Difference of convex

Difference of convex algorithm

Manopt.difference_of_convex_algorithmFunction
difference_of_convex_algorithm(M, f, g, ∂h, p=rand(M); kwargs...)
difference_of_convex_algorithm(M, mdco, p; kwargs...)

Compute the difference of convex algorithm [BFSS23] to minimize

\[ \operatorname*{arg\,min}_{p∈\mathcal M}\ g(p) - h(p)\]

where you need to provide $f(p) = g(p) - h(p)$, $g$ and the subdifferential $∂h$ of $h$.

This algorithm performs the following steps given a start point p= $p^{(0)}$. Then repeat for $k=0,1,\ldots$

  1. Take $X^{(k)} ∈ ∂h(p^{(k)})$
  2. Set the next iterate to the solution of the subproblem

\[ p^{(k+1)} ∈ \operatorname*{argmin}_{q ∈ \mathcal M} g(q) - ⟨X^{(k)}, \log_{p^{(k)}}q⟩\]

until the stopping_criterion is fulfilled.

Optional parameters

  • evaluation (AllocatingEvaluation) specify whether the gradient works by allocation (default) form grad_f(M, p) or InplaceEvaluation form grad_f!(M, X, x)
  • gradient (nothing) specify $\operatorname{grad} f$, for debug / analysis or enhancing stopping_criterion=
  • grad_g (nothing) specify the gradient of g. If specified, a subsolver is automatically set up.
  • initial_vector (zero_vector(M, p)) initialise the inner tangent vector to store the subgradient result.
  • stopping_criterion (StopAfterIteration(200) |StopWhenChangeLess(1e-8)) a StoppingCriterion for the algorithm. This includes a StopWhenGradientNormLess(1e-8), when a gradient is provided.

if you specify the ManifoldDifferenceOfConvexObjective mdco, additionally

  • g - (nothing) specify the function g If specified, a subsolver is automatically set up.

While there are several parameters for a sub solver, the easiest is to provide the function grad_g=, such that together with the mandatory function g a default cost and gradient can be generated and passed to a default subsolver.
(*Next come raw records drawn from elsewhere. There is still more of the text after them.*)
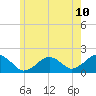 Tide chart for Muskeget Island, Massachusetts on 2025/06/10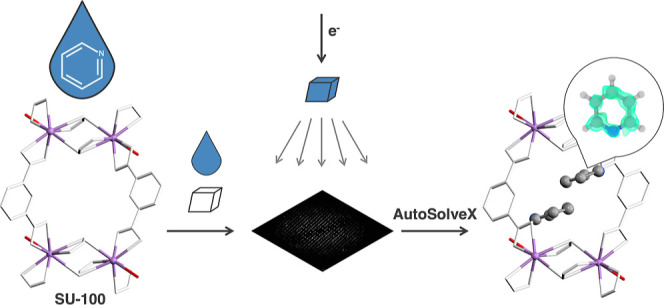 Figure 6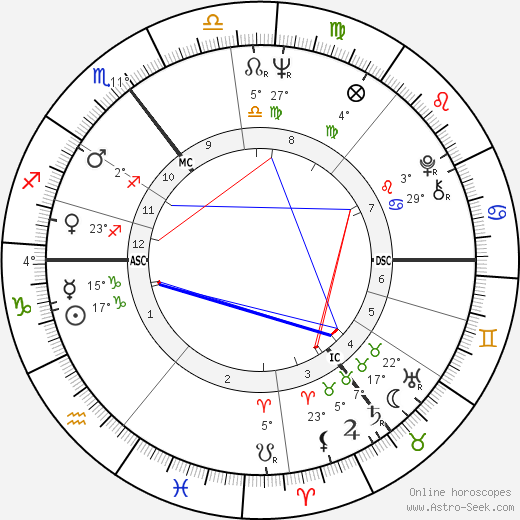 Graham Chapman birth chart, biography, wikipedia 2024, 2025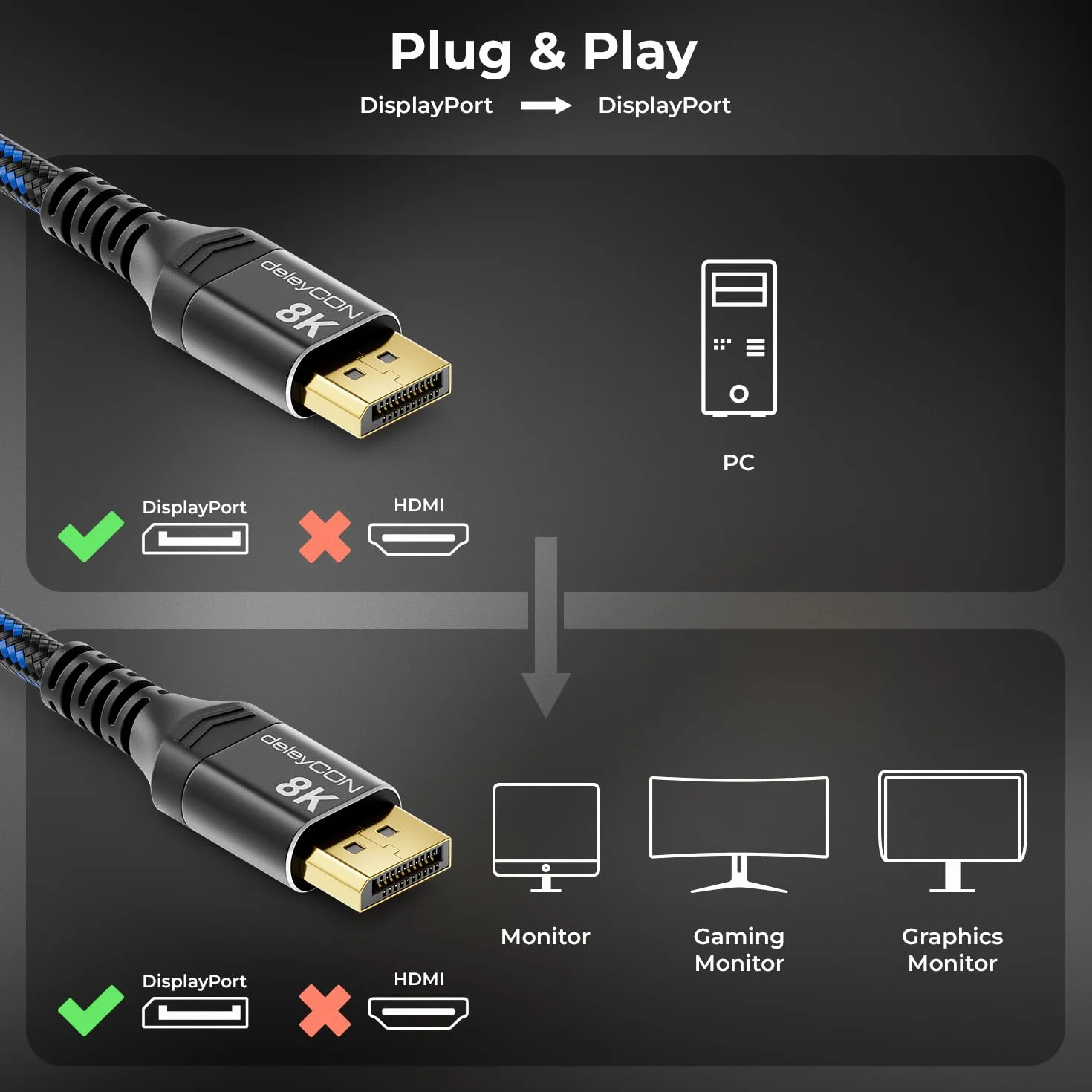 deleyCON 3,0m Kabel DisplayPort 1.4 8K@60Hz 4K@165Hz 2K@360Hz HDR AMD FreeSync NVIDIA G-Sync do Monitora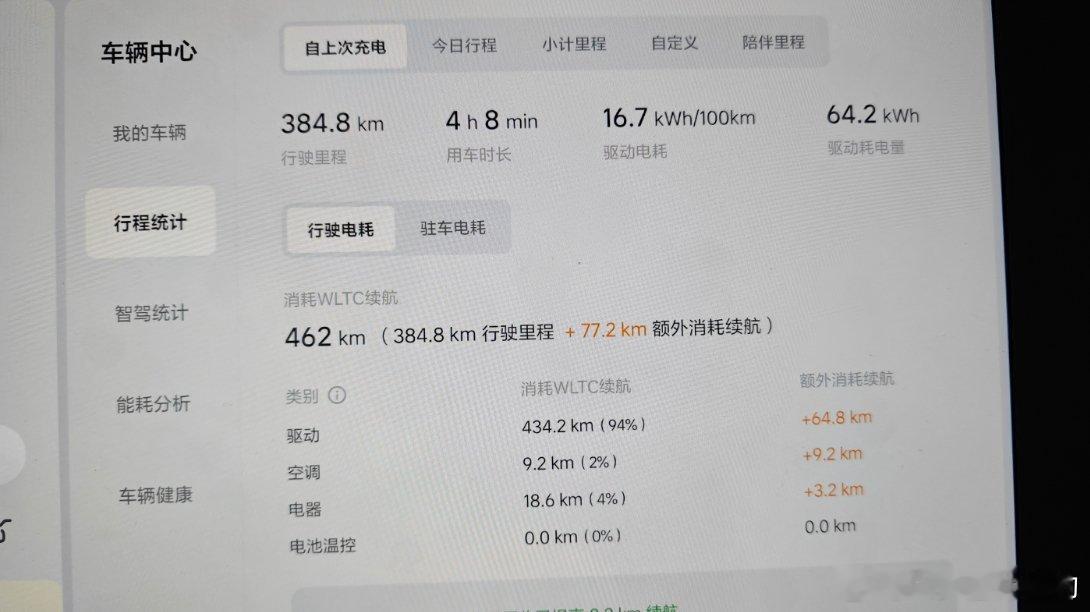 理想i6 这个续航表现如何？满电493km-2～-5℃空调23℃载2成人平均速度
Hence the easiest example call looks like

difference_of_convex_algorithm(M, f, g, grad_h, p; grad_g=grad_g)

Optional parameters for the sub problem

  • sub_cost (LinearizedDCCost(g, p, initial_vector)) a cost to be used within the default sub_problem Use this if you have a more efficient version than the default that is built using g from before.
  • sub_grad (LinearizedDCGrad(grad_g, p, initial_vector; evaluation=evaluation) gradient to be used within the default sub_problem. This is generated by default when grad_g is provided. You can specify your own by overwriting this keyword.
  • sub_hess (a finite difference approximation by default) specify a Hessian of the subproblem, which the default solver, see sub_state needs
  • sub_kwargs ((;)) pass keyword arguments to the sub_state, in form of a Dict(:kwname=>value), unless you set the sub_state directly.
  • sub_objective (a gradient or Hessian objective based on the last 3 keywords) provide the objective used within sub_problem (if that is not specified by the user)
  • sub_problem (DefaultManoptProblem(M, sub_objective) specify a manopt problem for the sub-solver runs. You can also provide a function for a closed form solution. Then evaluation= is taken into account for the form of this function.
  • sub_state (TrustRegionsState by default, requires sub_hessian to be provided; decorated with sub_kwargs). Choose the solver by specifying a solver state to solve the sub_problem if the sub_problem if a function (a closed form solution), this is set to evaluation and can be changed to the evaluation type of the closed form solution accordingly.
  • sub_stopping_criterion (StopAfterIteration(300) |StopWhenStepsizeLess(1e-9) |StopWhenGradientNormLess(1e-9)) a stopping criterion used withing the default sub_state=
  • sub_stepsize (ArmijoLinesearch(M)) specify a step size used within the sub_state,

all others are passed on to decorate the inner DifferenceOfConvexState.

Output

the obtained (approximate) minimizer $p^*$, see get_solver_return for details

source

Difference of convex proximal point

Manopt.difference_of_convex_proximal_pointFunction
difference_of_convex_proximal_point(M, grad_h, p=rand(M); kwargs...)
difference_of_convex_proximal_point(M, mdcpo, p=rand(M); kwargs...)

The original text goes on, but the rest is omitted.